A = \begin{bmatrix} 1 & 4 \\ 5 & 2 \end{bmatrix} and B = \begin{bmatrix} 8 & 0 \\ -1 & 7 \end{bmatrix}

A = \begin{bmatrix} -2 \\ 4 \\ 3 \end{bmatrix} and B = \begin{bmatrix} 8 \\ 0 \\ -3 \end{bmatrix}

A = \begin{bmatrix} -\frac{1}{3} & 7 & 12 \\ 11 & -3 & 0 \end{bmatrix} and B = \begin{bmatrix} \frac{2}{3} & 1 & 0 \\ 4 & 8 & 7 \end{bmatrix}

A = \begin{bmatrix} 6 & 7 \\ 9 & 10 \\ 4 & -6 \end{bmatrix} and B = \begin{bmatrix} 2 & 5 \\ -1 & 3 \\ 6 & 1 \end{bmatrix}

A = \begin{bmatrix} 7 & 4 & 2 \\ 11 & 10 & 8 \\ 9 & 3 & 7 \end{bmatrix} and B = \begin{bmatrix} 5 & -3 & 1 \\ 5 & 3 & 2 \\ 0 & 4 & -1 \end{bmatrix}

A = \begin{bmatrix} 3.6 & 7.4 \\ 8.9 & 10.5 \\ 4.7 & -6.3 \end{bmatrix} and B = \begin{bmatrix} 1.8 & 5.1 \\ 0.9 & 5.2 \\ -6.1 & 1.5 \end{bmatrix}

A = \begin{bmatrix} 75 & 42 & 21 & 54 \\ 18 & 27 & 81 & 56 \\ 93 & 36 & 72 & 49 \end{bmatrix} and B = \begin{bmatrix} 51 & -32 & 18 & 21 \\ 56 & 39 & 24 & 57\\ 18 & 27 & -19 & 32 \end{bmatrix}

Matrix equations

Solve the following matrix equations for x:

\begin{bmatrix} 5 & x \\ -2 & 9 \end{bmatrix} + \begin{bmatrix} 7 & 3 \\ 8 & 2 \end{bmatrix} = \begin{bmatrix} 12 & 8 \\ 6 & 11 \end{bmatrix}

\begin{bmatrix} 10 & 8 \\ -4 & 10 \end{bmatrix} - \begin{bmatrix} 8 & 3 \\ 2x & 7 \end{bmatrix} = \begin{bmatrix} 2 & 5 \\ -14 & 3 \end{bmatrix}

\begin{bmatrix} 11 & 7 \\ -x & 10 \\ 4 & 9 \end{bmatrix} - \begin{bmatrix} 6 & 2 \\ -8 & -1 \\ 0 & -3 \end{bmatrix} = \begin{bmatrix} 5 & 5 \\ 9 & 11 \\ 4 & 12 \end{bmatrix}

Consider the following matrix equation:

\begin{bmatrix} u - 3 & 2v & 9 \\ 3x & 7 & 10 \end{bmatrix} + \begin{bmatrix} 4u & v & -3w \\ 10 & 5 & 27 \end{bmatrix} = \begin{bmatrix} 47 & 12 & 18 \\ 31 & 6y & 37 \end{bmatrix}

Find the value of:

Applications

The following table shows the number of visitors to a website by country:

	Australia	New Zealand	Thailand	China
January	37	25	29	41
February	26	35	19	51
March	32	22	18	27
April	30	28	24	37
May	31	20	24	28

Find the total number of visitors to the site during each month. Express your answer as a column matrix, where the rows describe the months in order of the given table.
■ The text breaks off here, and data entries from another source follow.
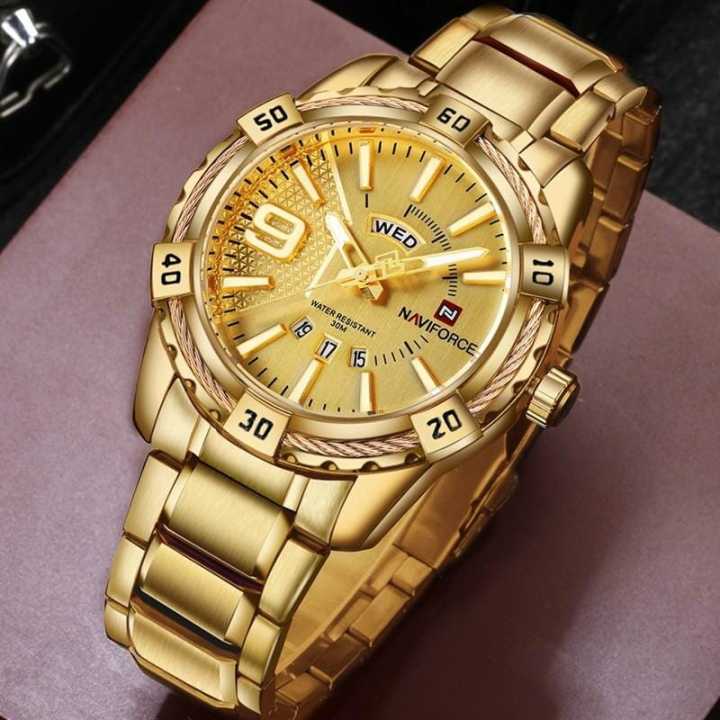 NAVIFORCE Nf9117 Luxury Stainless Steel Watch For Men Golden Daraz .np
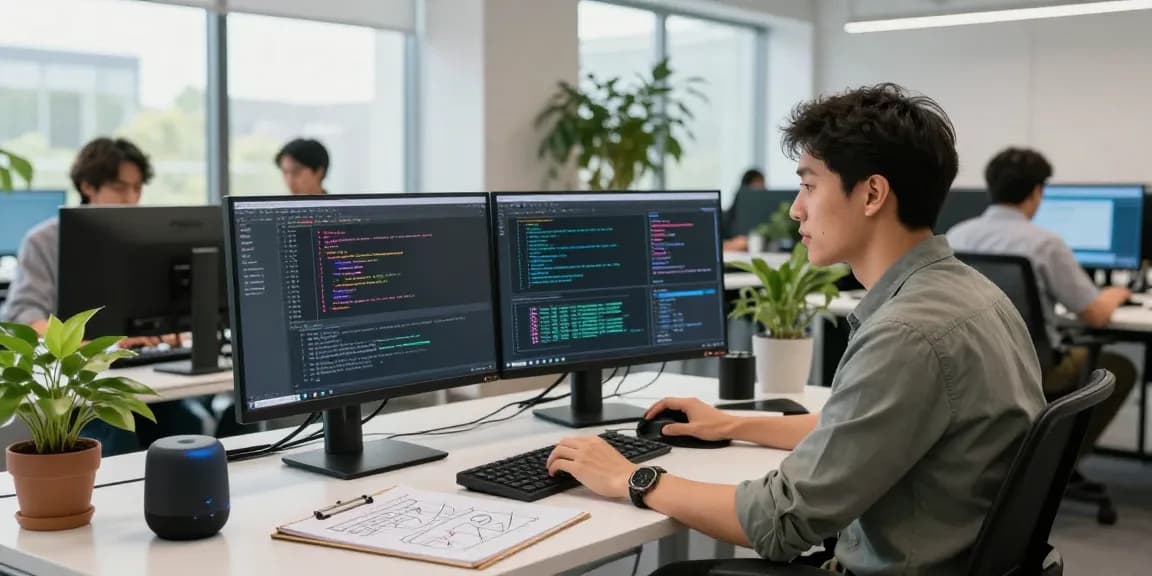 Dynamic workspace showcasing a developer engaged with openclaw ai on dual monitors, surrounded by tech tools.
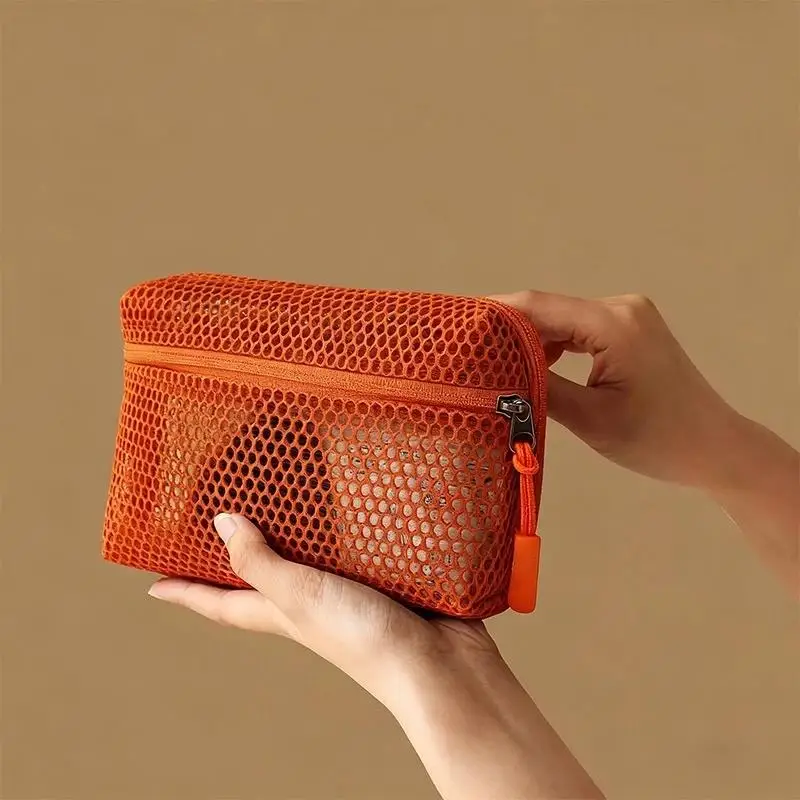 Nylon Mesh Storage Bag Breathable Fabric Durable Zipper For Travel Toiletries Home Organization Daily Use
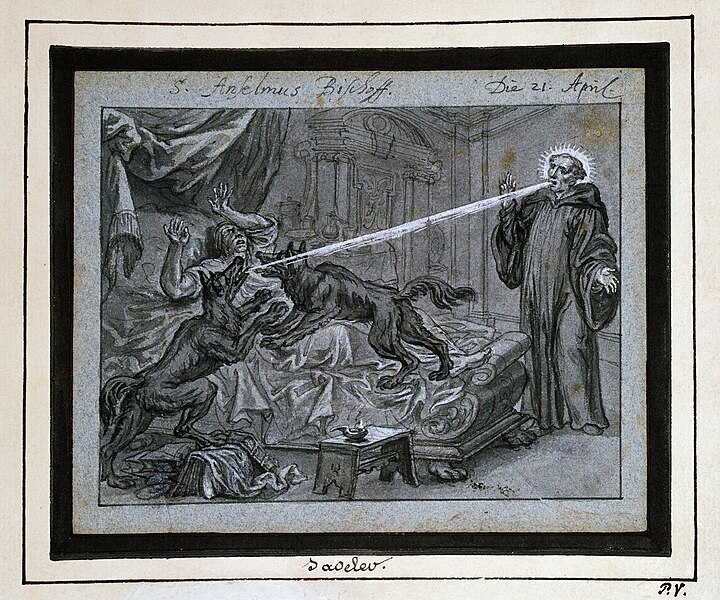 File:A monk, suffering a hallucination that he is being attacked Wellcome L0029891.jpg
Find how many more visitors were from China than from Thailand each month by subtracting an appropriate pair of column matrices. Express your answer as a column matrix, where the rows describe the months in order of the given table.

The tables below show the number of fruit and vegetables sold at Mohamad's three corner shops over a particular weekend.

Saturday:

	Fruit	Vegetables
Shop 1	58	29
Shop 2	48	71
Shop 3	54	38

Sunday:

	Fruit	Vegetables
Shop 1	45	32
Shop 2	40	62
Shop 3	38	46

Write the sales of fruit and vegetables for Saturday as a 3 \times 2 matrix.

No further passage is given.